Stadtnachricht

Bericht aus der Gemeinderatssitzung vom 24. März 2021


Erneut kam der Schiltacher Gemeinderat in der Friedrich-Grohe-Halle zusammen, um ausreichend Abstand für die Abhaltung seiner Sitzung zu gewährleisten.

1. Kurzbericht über das Ergebnis der letzten öffentlichen und nichtöffentlichen Gemeinderatssitzung

Bürgermeister Thomas Haas berichtete aus der letzten öffentlichen und nichtöffentlichen Sitzung und teilte mit, was seither hinsichtlich der gefassten Beschlüsse veranlasst worden ist.

2. Bausachen

Zu diesem Tagesordnungspunkt lagen keine Beratungsgegenstände vor.

3. Bachstraße 4 (Alte Grundschule)
- Vorstellung des Planungsstandes


Einleitend wies Stadtbaumeister Roland Grießhaber darauf hin, dass der Bestand der ehemaligen Grundschule in der Bachstraße zwischenzeitlich eingehend untersucht wurde. Man könne nun davon ausgehen, dass bei dem Gebäude von einer Heizlast von 135 kW ausgegangen werden muss. Im Blick auf das Erneuerbare-Energien-Gesetz wurde eingehend untersucht, welche regenerative Energieform dort eingesetzt werden kann. Aus unterschiedlichen Gründen kristallisierte sich letztendlich lediglich eine Pelletheizung als machbar heraus, was in die Umbaupläne entsprechend eingeflossen ist.

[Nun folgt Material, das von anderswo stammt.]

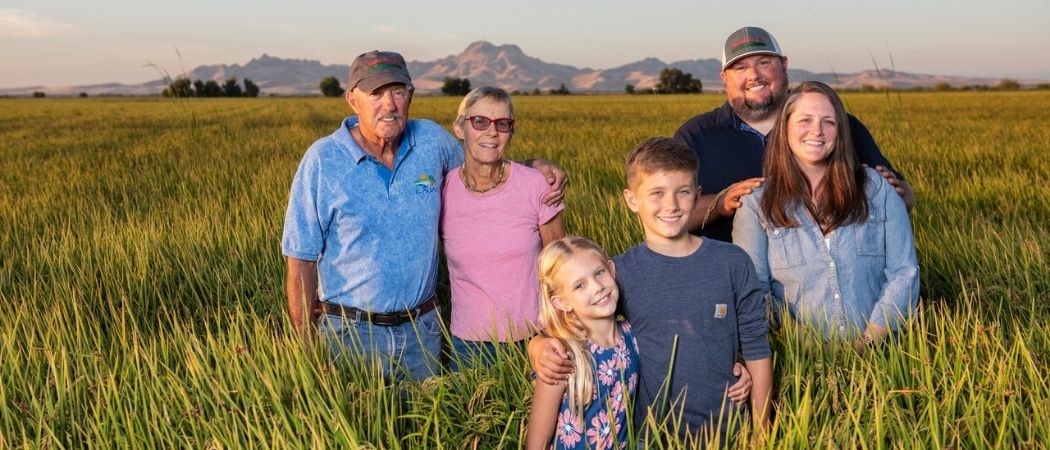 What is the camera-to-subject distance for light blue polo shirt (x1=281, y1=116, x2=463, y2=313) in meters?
2.94

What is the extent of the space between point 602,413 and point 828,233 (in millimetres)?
1058

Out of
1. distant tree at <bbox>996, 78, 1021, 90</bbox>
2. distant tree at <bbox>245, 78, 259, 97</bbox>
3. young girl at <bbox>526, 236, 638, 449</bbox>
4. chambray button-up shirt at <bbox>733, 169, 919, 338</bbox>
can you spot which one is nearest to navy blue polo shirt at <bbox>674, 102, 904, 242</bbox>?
chambray button-up shirt at <bbox>733, 169, 919, 338</bbox>

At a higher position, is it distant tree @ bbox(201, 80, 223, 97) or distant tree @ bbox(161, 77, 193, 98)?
distant tree @ bbox(161, 77, 193, 98)

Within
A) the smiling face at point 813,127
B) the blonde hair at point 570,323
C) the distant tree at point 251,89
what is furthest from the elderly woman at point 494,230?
the distant tree at point 251,89

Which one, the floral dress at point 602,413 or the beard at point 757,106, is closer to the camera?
the floral dress at point 602,413

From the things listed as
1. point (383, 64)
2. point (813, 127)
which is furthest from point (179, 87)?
point (813, 127)

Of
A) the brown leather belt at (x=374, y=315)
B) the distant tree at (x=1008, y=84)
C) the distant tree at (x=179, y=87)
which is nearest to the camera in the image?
the brown leather belt at (x=374, y=315)

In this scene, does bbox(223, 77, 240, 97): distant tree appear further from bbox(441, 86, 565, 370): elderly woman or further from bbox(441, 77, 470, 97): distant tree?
bbox(441, 86, 565, 370): elderly woman

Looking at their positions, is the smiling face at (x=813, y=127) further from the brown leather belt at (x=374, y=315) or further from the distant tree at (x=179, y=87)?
the distant tree at (x=179, y=87)

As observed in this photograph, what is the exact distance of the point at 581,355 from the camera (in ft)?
6.77

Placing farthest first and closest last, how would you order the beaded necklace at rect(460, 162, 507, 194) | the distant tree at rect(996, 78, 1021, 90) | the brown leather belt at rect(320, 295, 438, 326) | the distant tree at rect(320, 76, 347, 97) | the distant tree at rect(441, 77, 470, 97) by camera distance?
the distant tree at rect(320, 76, 347, 97)
the distant tree at rect(441, 77, 470, 97)
the distant tree at rect(996, 78, 1021, 90)
the brown leather belt at rect(320, 295, 438, 326)
the beaded necklace at rect(460, 162, 507, 194)

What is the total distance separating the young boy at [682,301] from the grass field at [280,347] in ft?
0.52

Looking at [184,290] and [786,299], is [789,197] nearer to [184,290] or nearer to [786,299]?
[786,299]

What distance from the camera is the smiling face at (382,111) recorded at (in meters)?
2.93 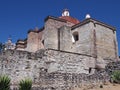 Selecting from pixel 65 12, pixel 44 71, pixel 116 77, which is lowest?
pixel 116 77

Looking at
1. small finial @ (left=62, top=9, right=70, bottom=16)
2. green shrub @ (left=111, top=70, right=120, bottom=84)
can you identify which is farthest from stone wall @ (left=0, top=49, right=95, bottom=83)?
small finial @ (left=62, top=9, right=70, bottom=16)

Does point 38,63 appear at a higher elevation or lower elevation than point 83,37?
lower

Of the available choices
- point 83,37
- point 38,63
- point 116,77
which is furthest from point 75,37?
point 116,77

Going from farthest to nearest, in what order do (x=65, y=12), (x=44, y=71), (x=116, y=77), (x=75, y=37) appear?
(x=65, y=12), (x=75, y=37), (x=44, y=71), (x=116, y=77)

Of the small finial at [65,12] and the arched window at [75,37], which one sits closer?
the arched window at [75,37]

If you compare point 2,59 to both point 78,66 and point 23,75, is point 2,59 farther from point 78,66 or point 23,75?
point 78,66

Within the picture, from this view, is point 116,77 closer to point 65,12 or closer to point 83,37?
point 83,37

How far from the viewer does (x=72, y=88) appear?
620 inches

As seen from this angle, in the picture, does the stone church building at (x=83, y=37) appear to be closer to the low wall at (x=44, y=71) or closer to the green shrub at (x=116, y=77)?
the low wall at (x=44, y=71)

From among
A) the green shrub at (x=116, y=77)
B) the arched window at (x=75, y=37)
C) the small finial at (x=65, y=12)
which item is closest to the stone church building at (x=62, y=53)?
the arched window at (x=75, y=37)

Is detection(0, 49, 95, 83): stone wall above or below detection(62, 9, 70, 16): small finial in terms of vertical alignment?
below

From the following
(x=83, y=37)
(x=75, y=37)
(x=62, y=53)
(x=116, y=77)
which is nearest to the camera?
(x=116, y=77)

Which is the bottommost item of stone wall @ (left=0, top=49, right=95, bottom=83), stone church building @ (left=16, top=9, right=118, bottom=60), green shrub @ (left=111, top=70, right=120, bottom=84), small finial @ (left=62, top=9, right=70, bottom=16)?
green shrub @ (left=111, top=70, right=120, bottom=84)

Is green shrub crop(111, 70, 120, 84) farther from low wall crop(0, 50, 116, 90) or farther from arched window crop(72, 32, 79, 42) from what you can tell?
arched window crop(72, 32, 79, 42) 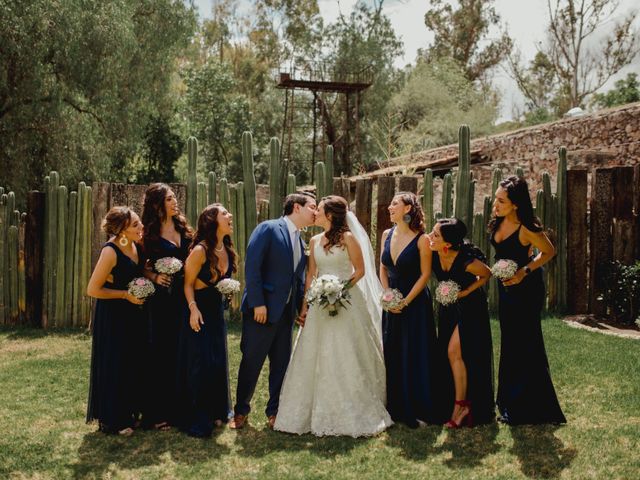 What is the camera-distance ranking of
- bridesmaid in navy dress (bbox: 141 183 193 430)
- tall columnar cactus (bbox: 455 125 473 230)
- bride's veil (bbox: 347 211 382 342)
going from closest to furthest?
bridesmaid in navy dress (bbox: 141 183 193 430), bride's veil (bbox: 347 211 382 342), tall columnar cactus (bbox: 455 125 473 230)

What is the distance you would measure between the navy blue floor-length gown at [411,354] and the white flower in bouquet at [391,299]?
0.10 m

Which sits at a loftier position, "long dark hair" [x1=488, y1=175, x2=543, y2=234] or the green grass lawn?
"long dark hair" [x1=488, y1=175, x2=543, y2=234]

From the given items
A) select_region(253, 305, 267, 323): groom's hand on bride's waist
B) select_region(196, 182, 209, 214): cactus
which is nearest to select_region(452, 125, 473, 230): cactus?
select_region(196, 182, 209, 214): cactus

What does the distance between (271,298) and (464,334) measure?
1.48 m

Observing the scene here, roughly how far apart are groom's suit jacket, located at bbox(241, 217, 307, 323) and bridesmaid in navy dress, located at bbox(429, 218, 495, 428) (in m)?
1.12

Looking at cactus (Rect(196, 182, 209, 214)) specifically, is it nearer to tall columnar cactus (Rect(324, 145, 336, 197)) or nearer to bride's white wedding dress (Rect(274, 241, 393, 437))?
tall columnar cactus (Rect(324, 145, 336, 197))

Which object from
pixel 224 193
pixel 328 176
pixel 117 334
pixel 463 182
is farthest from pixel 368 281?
pixel 463 182

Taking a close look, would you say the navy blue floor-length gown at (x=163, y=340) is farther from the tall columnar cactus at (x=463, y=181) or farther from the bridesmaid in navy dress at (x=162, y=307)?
the tall columnar cactus at (x=463, y=181)

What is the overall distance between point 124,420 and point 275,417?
1.11 meters

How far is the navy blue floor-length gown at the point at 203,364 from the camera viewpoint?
16.6 ft

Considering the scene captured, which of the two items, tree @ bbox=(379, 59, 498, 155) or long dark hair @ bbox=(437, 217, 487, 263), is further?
tree @ bbox=(379, 59, 498, 155)

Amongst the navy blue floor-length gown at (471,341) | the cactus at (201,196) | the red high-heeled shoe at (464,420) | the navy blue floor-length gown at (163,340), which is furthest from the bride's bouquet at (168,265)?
the cactus at (201,196)

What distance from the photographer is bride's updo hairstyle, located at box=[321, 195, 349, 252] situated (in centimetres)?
514

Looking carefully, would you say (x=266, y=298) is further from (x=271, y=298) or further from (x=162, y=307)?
(x=162, y=307) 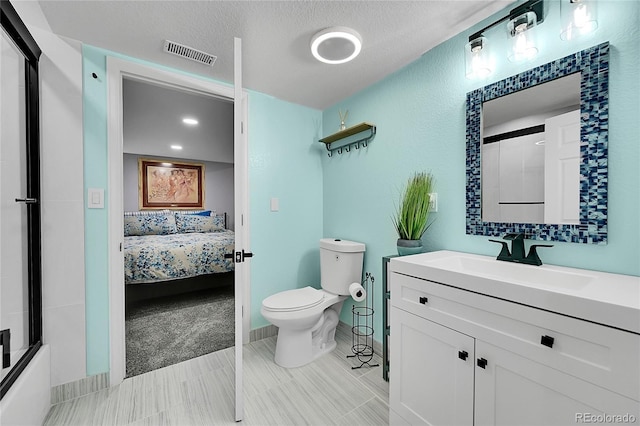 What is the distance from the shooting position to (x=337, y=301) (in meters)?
2.08

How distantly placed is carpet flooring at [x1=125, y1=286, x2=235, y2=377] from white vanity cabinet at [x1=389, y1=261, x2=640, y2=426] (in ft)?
5.30

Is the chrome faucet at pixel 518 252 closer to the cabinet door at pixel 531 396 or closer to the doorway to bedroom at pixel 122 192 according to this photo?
the cabinet door at pixel 531 396

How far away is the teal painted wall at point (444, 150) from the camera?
1012 mm

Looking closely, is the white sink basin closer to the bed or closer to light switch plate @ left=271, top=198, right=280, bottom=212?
light switch plate @ left=271, top=198, right=280, bottom=212

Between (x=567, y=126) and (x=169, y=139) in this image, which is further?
(x=169, y=139)

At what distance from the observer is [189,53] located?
1.69 metres

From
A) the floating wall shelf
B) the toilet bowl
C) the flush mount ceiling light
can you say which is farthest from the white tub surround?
the floating wall shelf

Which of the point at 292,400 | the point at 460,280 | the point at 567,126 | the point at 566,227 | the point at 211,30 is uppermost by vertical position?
the point at 211,30

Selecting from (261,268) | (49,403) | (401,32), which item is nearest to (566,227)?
(401,32)

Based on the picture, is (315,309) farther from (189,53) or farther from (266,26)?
(189,53)

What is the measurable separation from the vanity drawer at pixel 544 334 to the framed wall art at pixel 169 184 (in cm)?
508

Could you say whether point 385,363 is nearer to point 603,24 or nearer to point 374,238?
point 374,238

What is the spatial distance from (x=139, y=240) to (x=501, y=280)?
13.1 feet

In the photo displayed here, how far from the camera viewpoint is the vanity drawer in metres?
0.71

Diese wurden dem Gemeinderat von Architekt Philipp Groß eingehend erläutert. So sind die Pelletheizung mit Bunker und auch die sonstige Haustechnik im Keller vorgesehen. Zum Vorstädtle hin entsteht ein neuer Erschließungstrakt mit Treppenhaus und Aufzug. Im Erdgeschoss soll ein zweigruppiger Kindergarten für über 3-jährige und unter 3-jährige Kinder mit Kantine, Ruheraum, Personalräumen und allen erforderlichen Nebenräumen entstehen. Das Obergeschoss bleibt zunächst nahezu unverändert, bis die endgültige Nutzung geklärt ist. Die vorhandenen Multifunktionsräume eignen sich für die unterschiedlichsten Nutzungsarten. 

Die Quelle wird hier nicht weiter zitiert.